Chris Kurth, who owns and operates Siena Farms and its 500 member CSA in Sudbury, Mass. thinks so. “There are lots of new ideas brewing here,” he says of the new publication. “This first issue does a nice job of showing the explosion of different types of agriculture and the inter-disciplinary aspect of every farmer’s work. It’s about a whole world of individuals and communities working on growing food.”
Chef Caleb Barber of Osteria Pane e Salute in Woodstock, Vermont, who supplies his restaurant from his own gardens doesn’t see the publication as being aimed at farmers so much as at a group interested in the issues that surround farming. “But I’m enthusiastic about broadening the conversation about where our food comes from and how we want to produce it.”
Print issues appear quarterly, but in keeping with Gardner’s vision of Modern Farmer as a media company the publication has a robust online presence. Three fresh stories are posted everyday and all content (including what has appeared in the print vehicle) can be viewed free there. There’s an event Gardner calls “cross between a county fair and a tractor show” on tap for next summer, and a book project underway.
There are similarities to niche, arty quarterlies ands bi-monthlies such as Gather Journal and Kinfolk, but MF has a less introverted, more inclusive feel.
Gardner shares the Shaker-prim and pin-tidy two-story white house she bought and rehabbed six years ago here with three dogs. The view of the Hudson River from the property is spectacular. Nearby farmsteads leave no doubt you’re in the country. But there’s a vibe about the place and the publication that has its origins elsewhere.
Raised in Mansfield, Mass, the slender, energetic entrepreneur graduated from Boston College and the Harvard School of Public Health. She spent seven years in London, where she worked as a freelance journalist and later as a staffer at the Tatler. Gardner returned to New York City in January of 2000, but moved upstate shortly after. Living in a rented barn she commuted to the city while editing travel issues of T: The New York Times Magazine. From 2007 she was also the American bureau chief for the British culture/style/ideas publication, Monocle. “That was when I lived on a plane,” she quips.
Now, she commutes no further than nearby Hudson, where Modern Farmer has offices. It’s a town in the process of a makeover at the hands of artsy city types so dramatic that some now refer to the area as Williamsburg-on-the-Hudson.
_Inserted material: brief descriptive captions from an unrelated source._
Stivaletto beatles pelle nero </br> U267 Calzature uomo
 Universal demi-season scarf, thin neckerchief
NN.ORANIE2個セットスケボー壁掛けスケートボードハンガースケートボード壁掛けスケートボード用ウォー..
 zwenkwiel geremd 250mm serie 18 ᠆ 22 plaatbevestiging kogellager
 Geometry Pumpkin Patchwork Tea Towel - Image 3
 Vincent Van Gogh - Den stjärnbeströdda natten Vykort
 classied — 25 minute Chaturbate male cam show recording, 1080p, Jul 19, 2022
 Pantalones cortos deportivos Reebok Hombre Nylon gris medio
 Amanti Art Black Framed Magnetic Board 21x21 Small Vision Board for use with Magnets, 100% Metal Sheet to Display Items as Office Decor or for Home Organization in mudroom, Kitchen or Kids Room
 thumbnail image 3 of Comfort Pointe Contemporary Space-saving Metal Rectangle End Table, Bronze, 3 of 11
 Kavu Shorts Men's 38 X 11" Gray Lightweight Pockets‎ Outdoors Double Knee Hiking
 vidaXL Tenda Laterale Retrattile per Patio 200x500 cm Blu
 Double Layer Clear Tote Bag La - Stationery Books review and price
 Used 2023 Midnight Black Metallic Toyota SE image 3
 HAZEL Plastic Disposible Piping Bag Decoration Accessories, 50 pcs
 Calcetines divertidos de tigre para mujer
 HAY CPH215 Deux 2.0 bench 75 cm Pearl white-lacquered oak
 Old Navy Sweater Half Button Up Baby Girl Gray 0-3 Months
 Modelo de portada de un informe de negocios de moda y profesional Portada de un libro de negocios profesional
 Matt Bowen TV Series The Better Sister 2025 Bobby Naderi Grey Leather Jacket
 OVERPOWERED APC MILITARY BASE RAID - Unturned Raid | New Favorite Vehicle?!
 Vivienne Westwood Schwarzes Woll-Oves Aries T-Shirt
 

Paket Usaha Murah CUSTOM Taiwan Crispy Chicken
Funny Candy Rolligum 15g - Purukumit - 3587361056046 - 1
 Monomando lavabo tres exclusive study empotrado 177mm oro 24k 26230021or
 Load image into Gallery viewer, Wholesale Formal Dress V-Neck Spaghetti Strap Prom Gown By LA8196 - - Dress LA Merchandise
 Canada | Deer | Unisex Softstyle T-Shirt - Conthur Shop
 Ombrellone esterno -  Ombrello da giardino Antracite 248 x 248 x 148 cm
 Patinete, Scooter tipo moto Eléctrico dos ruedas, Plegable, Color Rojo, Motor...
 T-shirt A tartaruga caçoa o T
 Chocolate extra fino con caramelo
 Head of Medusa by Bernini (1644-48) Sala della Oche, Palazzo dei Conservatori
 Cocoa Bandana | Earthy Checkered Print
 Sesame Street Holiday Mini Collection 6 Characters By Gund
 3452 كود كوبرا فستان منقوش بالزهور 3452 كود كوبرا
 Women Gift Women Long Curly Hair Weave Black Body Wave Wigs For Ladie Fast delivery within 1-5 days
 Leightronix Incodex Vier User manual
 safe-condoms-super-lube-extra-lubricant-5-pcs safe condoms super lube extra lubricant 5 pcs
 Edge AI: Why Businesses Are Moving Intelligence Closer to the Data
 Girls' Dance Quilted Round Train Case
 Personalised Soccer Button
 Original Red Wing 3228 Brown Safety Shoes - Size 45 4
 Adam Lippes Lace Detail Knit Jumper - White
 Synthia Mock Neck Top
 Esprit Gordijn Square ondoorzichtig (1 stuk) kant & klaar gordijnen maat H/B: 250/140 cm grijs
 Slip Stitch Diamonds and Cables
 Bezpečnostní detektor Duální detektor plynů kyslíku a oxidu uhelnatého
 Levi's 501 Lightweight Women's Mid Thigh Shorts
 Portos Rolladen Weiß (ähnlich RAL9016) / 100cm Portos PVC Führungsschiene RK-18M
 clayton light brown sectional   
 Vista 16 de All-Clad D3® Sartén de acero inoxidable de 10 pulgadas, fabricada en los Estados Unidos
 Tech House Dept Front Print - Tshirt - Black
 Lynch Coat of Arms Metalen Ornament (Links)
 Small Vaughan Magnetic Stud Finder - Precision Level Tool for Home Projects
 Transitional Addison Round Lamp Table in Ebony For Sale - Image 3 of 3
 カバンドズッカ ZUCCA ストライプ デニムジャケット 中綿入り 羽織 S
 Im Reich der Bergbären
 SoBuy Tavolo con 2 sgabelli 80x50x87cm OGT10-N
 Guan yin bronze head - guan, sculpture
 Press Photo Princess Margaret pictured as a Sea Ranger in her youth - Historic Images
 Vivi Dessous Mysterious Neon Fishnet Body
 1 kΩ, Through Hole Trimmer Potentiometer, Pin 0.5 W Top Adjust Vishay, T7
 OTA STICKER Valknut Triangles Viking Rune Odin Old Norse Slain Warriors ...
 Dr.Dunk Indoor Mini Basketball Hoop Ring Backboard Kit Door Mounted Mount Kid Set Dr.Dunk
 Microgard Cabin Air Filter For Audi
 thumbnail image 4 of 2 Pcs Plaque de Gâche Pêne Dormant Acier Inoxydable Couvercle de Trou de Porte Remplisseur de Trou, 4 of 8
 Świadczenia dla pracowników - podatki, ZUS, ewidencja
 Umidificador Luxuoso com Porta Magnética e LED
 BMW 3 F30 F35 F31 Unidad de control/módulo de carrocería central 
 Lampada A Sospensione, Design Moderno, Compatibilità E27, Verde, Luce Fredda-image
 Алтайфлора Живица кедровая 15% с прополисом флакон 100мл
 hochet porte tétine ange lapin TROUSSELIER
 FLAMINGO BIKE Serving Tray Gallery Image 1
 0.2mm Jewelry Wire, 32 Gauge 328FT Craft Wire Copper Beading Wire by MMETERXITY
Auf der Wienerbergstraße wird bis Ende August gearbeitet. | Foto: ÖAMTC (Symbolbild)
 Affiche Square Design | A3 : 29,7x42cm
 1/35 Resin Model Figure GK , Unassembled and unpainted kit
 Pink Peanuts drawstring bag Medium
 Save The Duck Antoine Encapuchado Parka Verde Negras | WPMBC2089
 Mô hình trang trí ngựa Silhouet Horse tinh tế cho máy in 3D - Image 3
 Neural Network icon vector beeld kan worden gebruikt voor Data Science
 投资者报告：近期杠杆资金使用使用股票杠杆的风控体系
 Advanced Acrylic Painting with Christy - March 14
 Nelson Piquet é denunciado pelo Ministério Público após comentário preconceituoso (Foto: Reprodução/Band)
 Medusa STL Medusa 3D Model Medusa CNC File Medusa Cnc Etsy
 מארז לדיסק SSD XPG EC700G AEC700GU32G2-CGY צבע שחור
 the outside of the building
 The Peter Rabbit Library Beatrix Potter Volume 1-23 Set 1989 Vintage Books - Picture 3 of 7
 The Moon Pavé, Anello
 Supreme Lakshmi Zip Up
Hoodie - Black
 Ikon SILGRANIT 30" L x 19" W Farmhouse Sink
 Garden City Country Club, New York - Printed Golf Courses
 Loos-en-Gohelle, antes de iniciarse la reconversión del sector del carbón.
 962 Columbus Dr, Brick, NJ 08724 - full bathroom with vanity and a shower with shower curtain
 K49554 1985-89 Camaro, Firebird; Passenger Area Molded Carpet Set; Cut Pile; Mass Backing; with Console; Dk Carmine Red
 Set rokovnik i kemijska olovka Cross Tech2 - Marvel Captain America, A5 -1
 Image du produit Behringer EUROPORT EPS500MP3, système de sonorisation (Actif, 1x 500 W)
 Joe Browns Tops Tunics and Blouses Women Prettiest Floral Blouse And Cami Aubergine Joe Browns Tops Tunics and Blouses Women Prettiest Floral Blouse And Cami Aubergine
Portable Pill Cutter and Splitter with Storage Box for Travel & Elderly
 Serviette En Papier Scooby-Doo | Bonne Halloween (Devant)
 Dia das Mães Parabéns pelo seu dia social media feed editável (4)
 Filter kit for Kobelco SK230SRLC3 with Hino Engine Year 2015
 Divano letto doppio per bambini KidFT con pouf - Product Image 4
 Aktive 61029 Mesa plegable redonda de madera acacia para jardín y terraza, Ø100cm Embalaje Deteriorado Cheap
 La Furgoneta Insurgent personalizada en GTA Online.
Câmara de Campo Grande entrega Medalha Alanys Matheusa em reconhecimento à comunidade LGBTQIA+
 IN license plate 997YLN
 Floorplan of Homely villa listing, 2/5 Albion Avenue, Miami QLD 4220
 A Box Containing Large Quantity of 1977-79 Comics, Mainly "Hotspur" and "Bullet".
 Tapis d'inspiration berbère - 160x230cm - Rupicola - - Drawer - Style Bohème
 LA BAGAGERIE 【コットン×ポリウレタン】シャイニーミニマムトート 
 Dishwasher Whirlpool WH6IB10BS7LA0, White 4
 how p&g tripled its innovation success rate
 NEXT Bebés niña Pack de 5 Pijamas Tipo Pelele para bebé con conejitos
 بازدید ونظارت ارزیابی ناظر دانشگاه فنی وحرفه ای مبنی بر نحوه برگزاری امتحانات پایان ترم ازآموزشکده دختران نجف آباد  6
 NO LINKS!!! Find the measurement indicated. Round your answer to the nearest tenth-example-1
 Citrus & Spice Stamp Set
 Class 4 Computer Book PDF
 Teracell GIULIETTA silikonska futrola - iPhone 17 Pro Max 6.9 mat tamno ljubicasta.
To judge from what we’ve seen so far, Modern Farmer offers readers a ground-level view of global agriculture in all its bewildering variety — with one notable exception. There’s little to no reference in its pages to the highly capitalized, chemically-dependent behemoth known as Big Ag. Farming on this scale may be short on romance, but it continues to produce most of the food people eat today and it’s hard to see how it can be ignored.
Would Modern Farmer sell adspace to Monsanto? “We haven’t had to make that call yet,” Gardner muses. “We’re looking for brand alignment with our advertising. A Monsanto ad would alienate our readers.”
Farmer Kurth thinks that so far the magazine is doing a good job of balancing the its coverage of young, organic growers with larger-scale, traditional operations and of showing how both are adapting to a changing marketplace.
“Modern farmers can’t just grow food, they have to market and sell what they grow,” Gardner says. “To do this they have to be connected to a community, understand social media. You have a different kind of farmer now.”